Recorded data
········
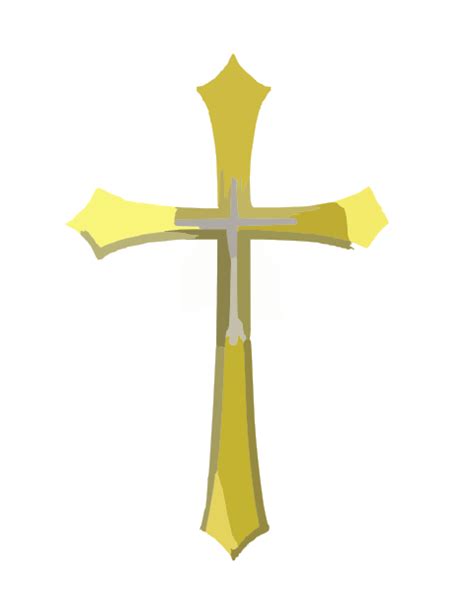 Gold Cross Clip Art At Vector Clip Art Online Royalty Free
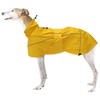 Greyhound Lurcher Raincoat, Whippet Rain Gear with Reflective Bar, Rain/Waterproof,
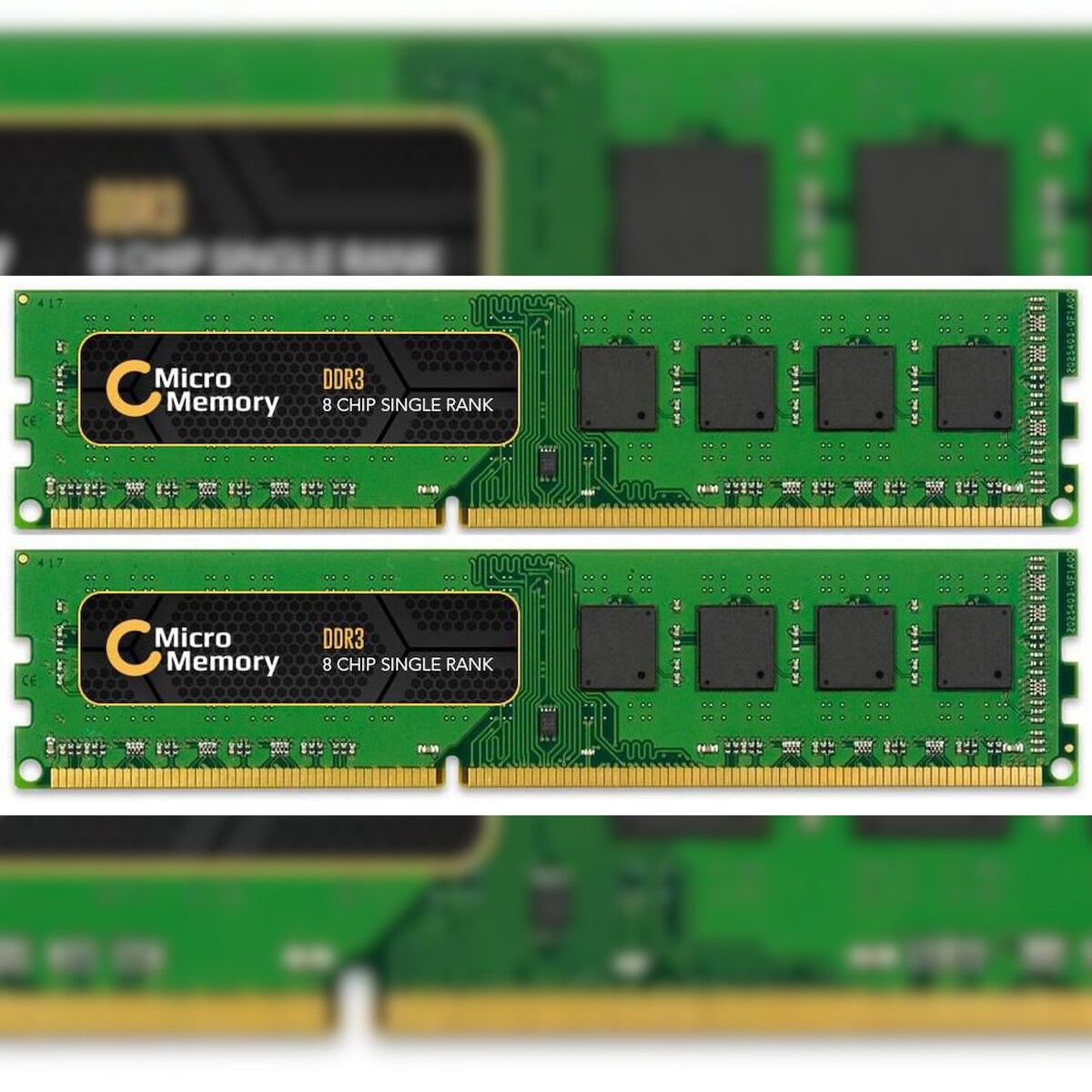 CoreParts MMKN073-16GB, 16 GB, 2 x 8 GB, DDR3, 1600 MHz, Grün Image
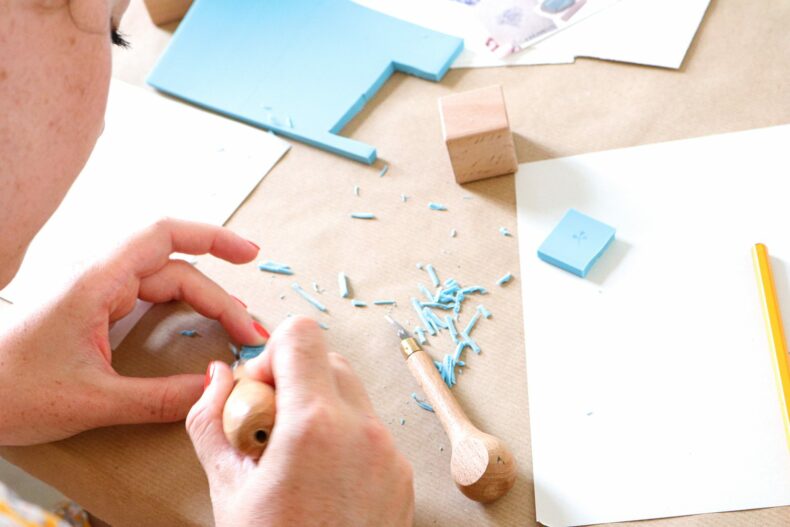 Stempel Workshop Weihnachten in Köln – Stempel selber gestalten | STUDIO KARAMELO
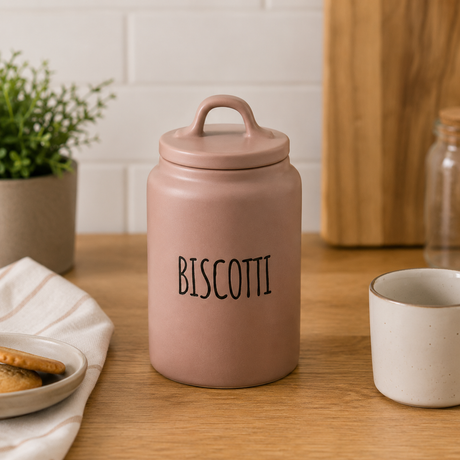 Biscottiera in Ceramica con Coperchio 13,5x24,5cm - Cucina&Cottura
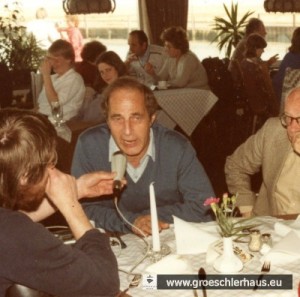 Walter Gröschler am 26. April 1984 beim Interview im "Wattkieker" in Harlesiel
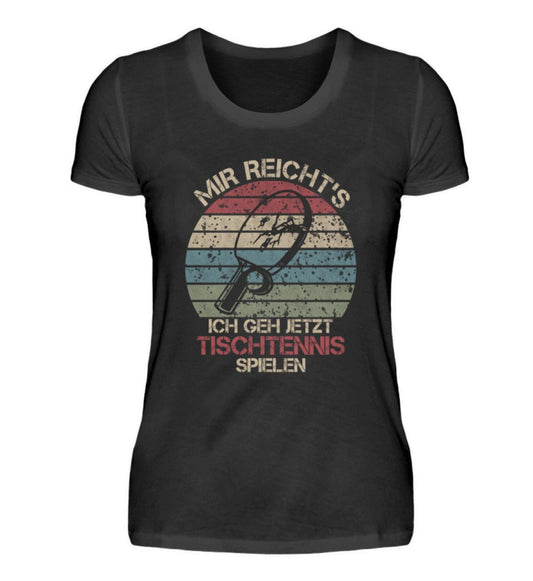 Tischtennis Damen T-Shirt - Retro Look - "Ich gehe jetzt Tischtennis spielen!" | Schollys - Schollys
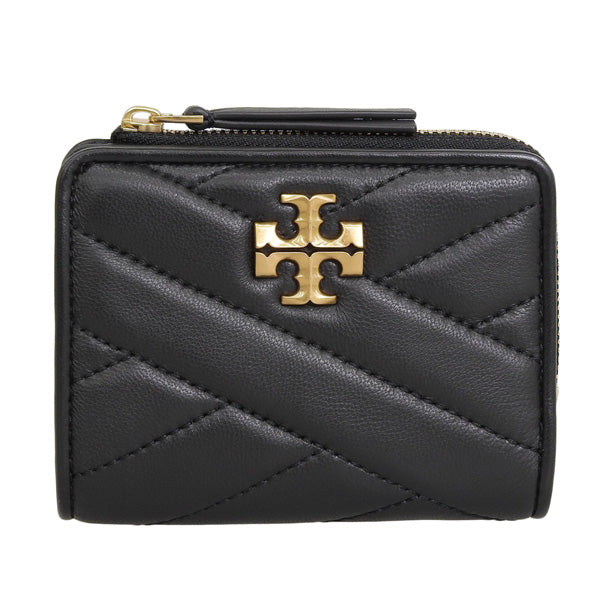 トリーバーチ 財布 レディース 二つ折り財布 OS レザー ブラック KIRA CHEVRON BI-FOLD WALLET 153121-001 TORY BURCH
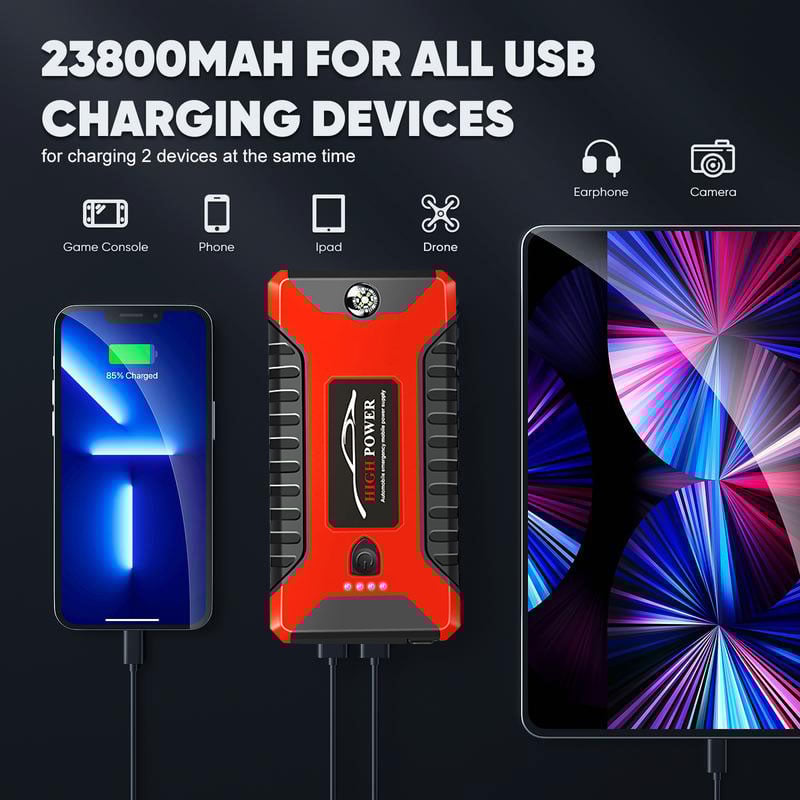 Jump Starter 3000A Peak Jump Starter Battery Pack.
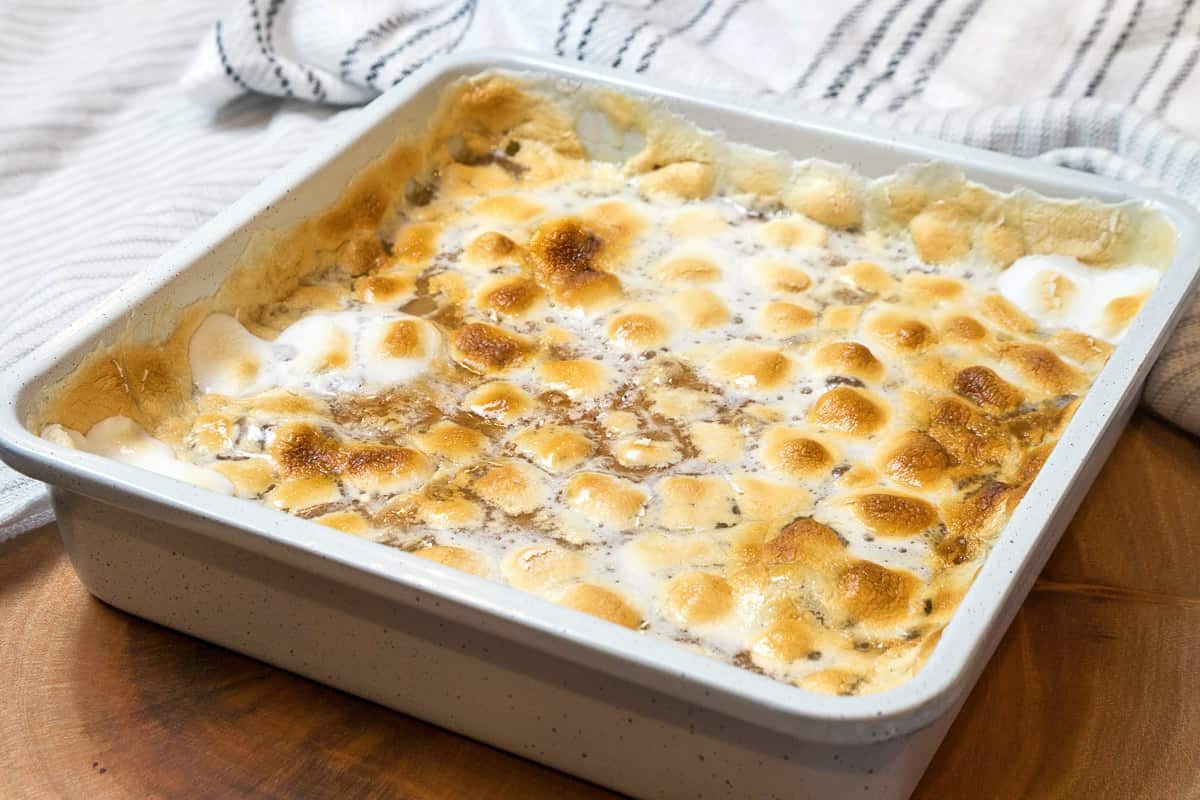 Baked sweet potato casserole.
········
** WHAT THE EXERCISE ASKS **
The reply should hold only the lines running from the top of the records to the line containing "CoreParts MMKN073-16GB, 16", both included, copied exactly with no pictures.

** OUTPUT OF THE TASK **
 Gold Cross Clip Art At Vector Clip Art Online Royalty Free
 Greyhound Lurcher Raincoat, Whippet Rain Gear with Reflective Bar, Rain/Waterproof,
 CoreParts MMKN073-16GB, 16 GB, 2 x 8 GB, DDR3, 1600 MHz, Grün Image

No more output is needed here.